Quand les chants et les tatouages des femmes amazighes inspirent les artistes…

Les femmes amazighes portent les traces de l’histoire ancestrale sur leurs visages tatoués. Elles vivent dans les hauteurs, sur les cimes, en osmose avec la nature. Un univers très inspirant. Le tatouage, cette espèce d’écriture sur le visage, le corps… interpelle, interroge, fascine et fait plaisir aux yeux.

Ce n’est pas uniquement pour se faire belles que les femmes amazighes impriment des tatouages sur leurs visages. C’est surtout pour extérioriser leur attachement à la terre, à la tribu et aux valeurs de leur peuple. Il faut dire que plusieurs artistes photographes ont fait des femmes amazighes un thème de travail. Ils ont abordé avec une touche artistique, esthétique et photographique les œuvres artistiques qu’elles portent sur leurs corps. Question de conserver une mémoire en voie de disparition et en proie à l’oubli.

Les amateurs de la photographie se souviennent certainement de la superbe exposition intitulée «Les Berbères au Maroc, une culture en résistance» qui s’est tenue lors du festival annuel de photojournalisme Visa pour l’image à Perpignan dans le sud de la France organisé par le photographe algérien Ferhat Bouda. Cet artiste a travaillé sur les Amazighs du Haut-Atlas. Il a réalisé une série de photographies sur les Amazighes du Nord de l’Afrique. Ferhat Bouda a consacré sept ans de sa carrière à la recherche des Amazighes en Afrique, notamment en Tunisie, Égypte, Burkina Faso, Mauritanie. Son périple l’a conduit au Maroc, dans l’Atlas pour y rencontrer les communautés amazighes. La démarche artistique du photographe consiste à puiser dans cette culture authentique et à la faire découvrir au monde.

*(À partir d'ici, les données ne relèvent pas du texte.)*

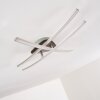 Deneb Lampa Sufitowa LED nikiel matowy, 3-punktowe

Pour ce faire, il a sillonné les villages de Tinfgam ou Timetda. Il s’est déplacé chez les nomades, partageant leur vie d’une grotte à une autre, à la quête d’une culture à la fois originelle et millénaire. La femme amazighe est au cœur de ses photographies, voire l’âme de ses recherches. Le choix n’est pas fortuit ! Car la femme est un pilier majeur dans la culture amazighe. Elle est omniprésente dans toutes les activités de la tribu, de la société.  Une photographie immortalise non seulement un moment, une situation, un témoignage, mais se veut un moyen pour conserver toute une culture de l’oubli. Une culture porteuse de valeurs humaines et universelles. «Celui qui ne sait pas d’où il vient ne peut savoir où il va», disait Antonio Gramsci.

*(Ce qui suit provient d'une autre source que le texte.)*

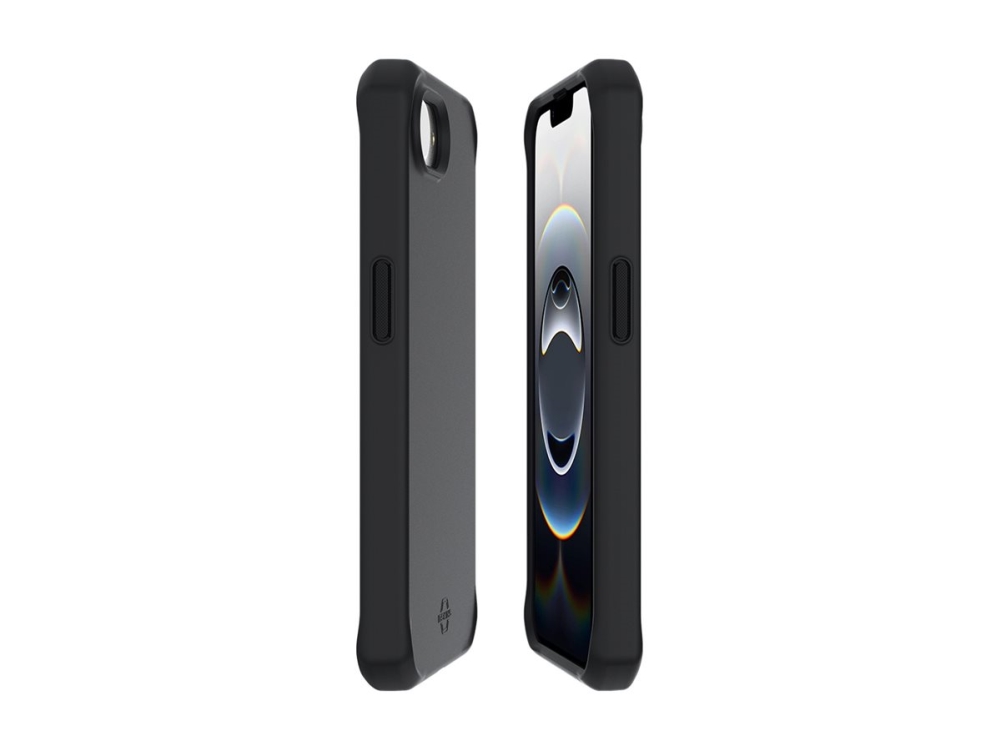 Mobilis Spectrum_R - Bagsidecover Til Mobiltelefon - Grov - Antimikrobiel, 100 % Genbrugt - Sort - For Apple Iphone 17E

La jeune photographe Yumna Al-Arashi, née à Washington, est partie, quant à elle, à la rencontre des femmes portant des tatouages. C’est sa grand-mère yéménite tatouée qui l’a inspirée pour entamer un périple afin de décortiquer ce côté caché du tatouage. La photographe a commencé depuis 2015 à fouiller dans les archives de Londres pour avoir une idée sur les tatouages. Par la suite, elle a sillonné le Maroc, la Tunisie et l’Algérie. Fascinée par le tatouage, elle a découvert suite à sa rencontre avec ces femmes amazighes les formes, les signes et le sens de chaque tatouage. Yumna Al-Arashi prépare actuellement un livre sur les femmes amazighes tatouées marocaines, tunisiennes et algériennes, dans leurs diversités et particularités.

Christine Dumont, quant à elle, a consacré un livre aux femmes amazighes. «Les femmes amazighes, Chants et gestes de travail des femmes» est l’intitulé de son beau livre. Des photographies y illustrent le quotidien des femmes du Haut-Atlas. Christine Dumont-Léger est une femme de la terre. Elle est allée à la rencontre des femmes amazighes du Haut Atlas marocain. Son long périple a débouché sur un beau livre mettant en valeur ces femmes. «Ce sont des femmes poètes au quotidien. Je ne suis intéressée ni par le rituel ni par les cérémonies. Je les observe tout simplement quand elles chantent. Ces femmes respirent la poésie, elles inspirent la poésie parce qu’elles sont habitées par tout ce qu’elles font et sont reliées avec la nature. J’ai étudié dans les milieux ruraux, j’ai étudié les peuples éleveurs et cultivateurs… Ce sont des peuples très proches de la nature. Et c’est ça qui fait d’eux une population sensible et harmonieuse. Elles sont entières», nous a-t-elle confié dans une interview lors de la 37e édition du Livre Paris.